Sunday, October 19, 2008

In America its 1997, in the UK its the 1970's - we learn so slowly the lessons must be repeated.

It looks like Mr Obama is going to win in the US by a landslide. the tipping point looks like being passed where people are now wanting to support him maybe to avoid being on the losing side ( and that includes many UK Conservatives ). Its not clear what he stands for, except change. We know he has little to no relevant experience, and yet people are having treating him like a Messiah ( especially in Europe and the UK ).

Substitute "change" for "modernisation" and Obama with Blair and we're at the end of the 1997 general election in the UK. I bet the day after the US election more people claim to have supported Obama than his votes would suggest, just as happened in the UK with Blair. No one wanting to be left out.

And just as with New Labour their is going to be a painful relearning of the lessons that we learnt from 1997 onwards. When politicians say "things can only get better" its time to worry.

Back in the UK is back to the late 60's 70's with grand government programs, ministers having big schemes, a National Economic Council and the determination to spend our way out of a recession despite our debt being the worse in the G8 and our economy being disproportionately impacted by the financial collapse. Instead our politicians clammer to tell us what we want to hear and are busy setting Keynes up as a Saint to go along side the new St Gordon Brown.

All that's missing so far is the act when Labour have to beg the IMF for a bailout that will come on humiliating terms.

This is all going to end in tears.

None of it would have been necessary if we hadn't tried so hard to forget the lessons of the recent past.

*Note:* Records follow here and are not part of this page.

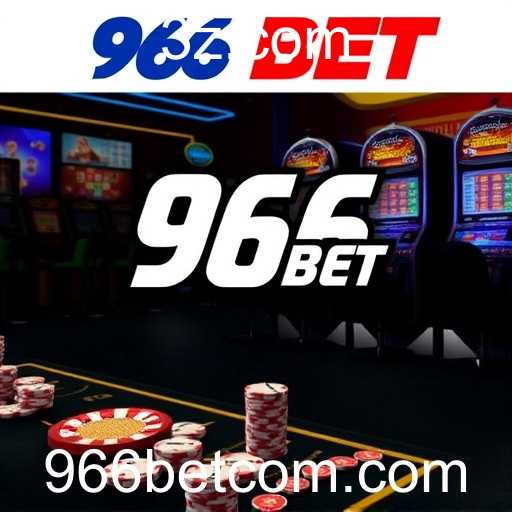 Reportagens da Mídia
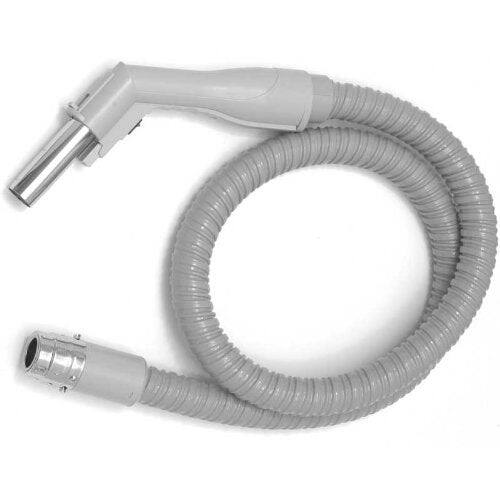 Left. EnviroCare - Vacuum Hoses (3 Pack) Part #3600.
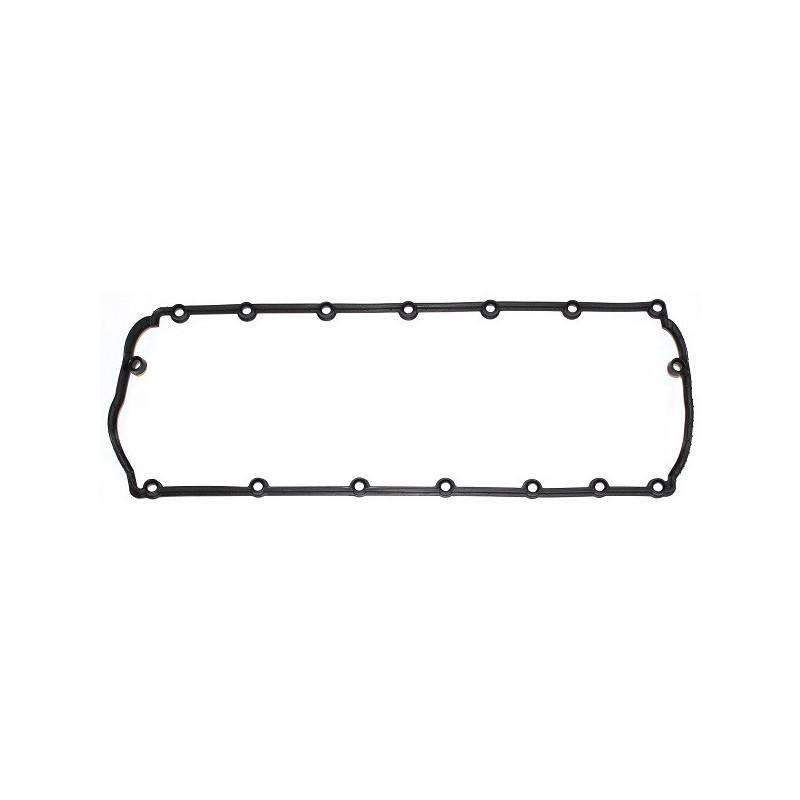 Joint de cache culbuteurs ELRING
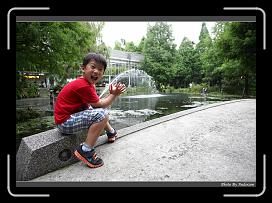 IMG_9302 * 900 x 644 * (299KB)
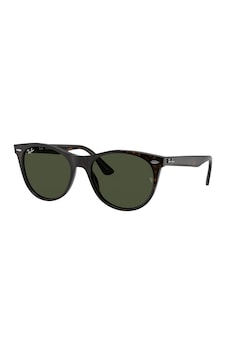 Ray-Ban 0RB2185 902/31 55 Unisex Güneş Gözlüğü Ray-Ban 0RB2185 902/31 55 Unisex Güneş Gözlüğü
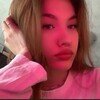 Логотип телеграм канала @lifekessall — LIFE kessall🧝‍♀️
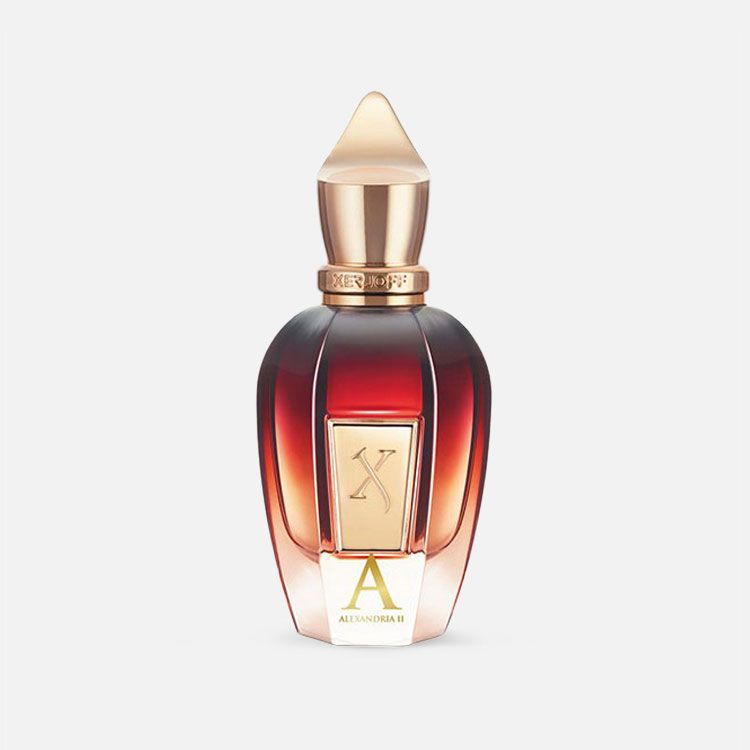 Xerjoff Alexandria II Parfum 100ML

But the mood music of new Labour drowns out memory, those who object are characterised as being against the 'investment' in schools, hospitals and families (hard working of course).

No one remembers "sound money TM*", so the lesson will have to be taught again.

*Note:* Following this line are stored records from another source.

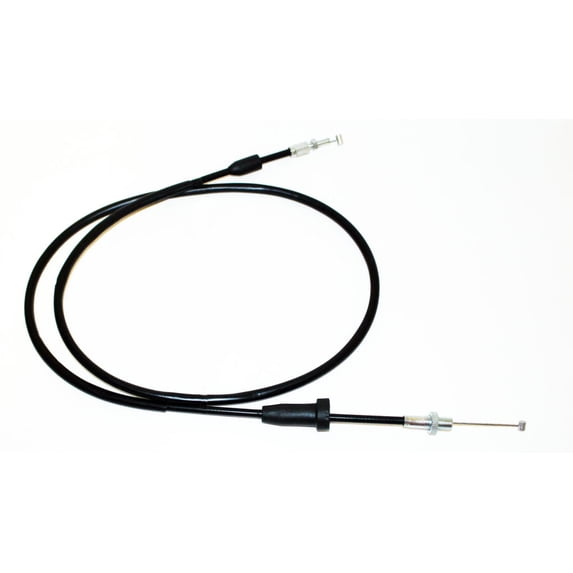 Throttle Cable fits Honda Rancher 350 TRX350FE 2004 - 2006 by Race-Driven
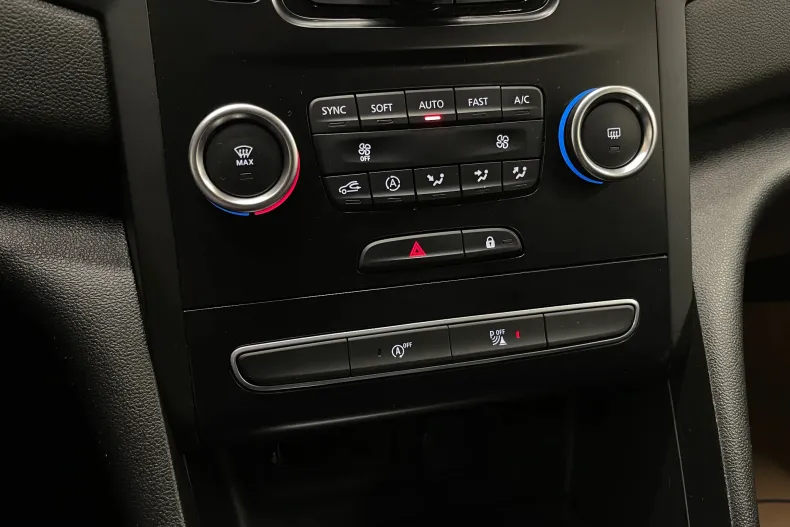 Renault Megane din 2022 cu 51.261 km - oferta REN184058 - foto 15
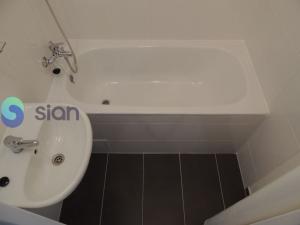 Pronájem bytu 2+1, Ostrava - Hrabůvka, Plavecká, 54 m2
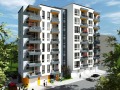 Продава 3-СТАЕН, град Стара Загора, Три чучура - север • 103122 € / 201689.10 лв. • 33290422 1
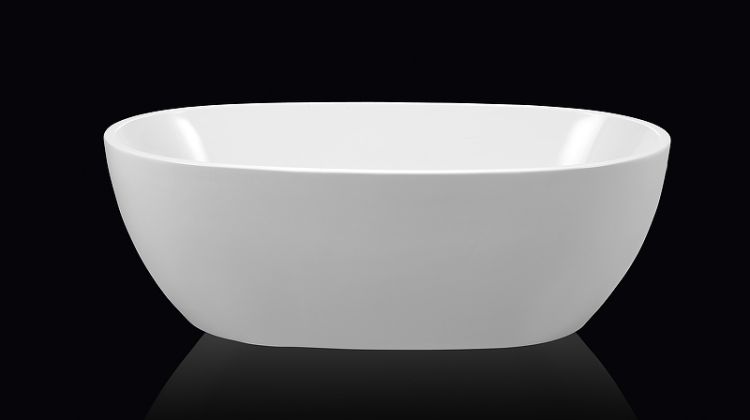 bb69_1700_w0_3.jpg
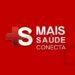 Mais Saúde Conecta aposta em saúde acessível e amplia soluções para atendimento e bem-estar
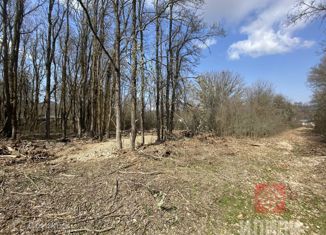 Продаю участок, 11.5 сот., село Гончарное, Подлесная улица, 2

PS To the younger generation who've been raised on left wing propaganda about the evil Thatcher years with films like "Brassed Off" and "The Full Monty" or even the history section of the BBC's lonely planet guide - you're about to find out why people elected Mrs T.

* Lady Thatcher.


wildgoose said...

The only problem being that David Cameron is no Mrs Thatcher.

It was painful last time, it'll be worse this time.

Man in a Shed said...

Wildgoose - I suspect your right. ( I only hold back final judgement as you never really know what someone is going to do until they are in office. )

The Margaret Thatcher/Keith Joseph government was born of the extreme pain of everything else having been tried and finally proven not to work. Perhaps that sort of pain is a pre-requisite in a democracy for such a radical and painful cure.

As a small boy I can still remember going to spend my pocket money at the local shop which was part of the Labour govts "Price Watch" campaign, which like every other shop had to break out of that scheme as the pressures of financial reality hit home.

What truly annoys me about this is it will be the people least able to withstand the hard times who will pay the price for all the posturing and election winning that politicians are about to engage in.

In this sense I wish the current policy of the Conservatives for a office of budget responsibility well. However its also a step on the road to serfdom, as we cede control of our economy to "the experts", so politicians can avoid the blame.

Letters From A Tory said...

I wonder whether all the cries of the end of Thatcherism might come back to bite some people in the arse. After all, it was Gordon's failure to regulate properly that caused this mess, not Thatcher.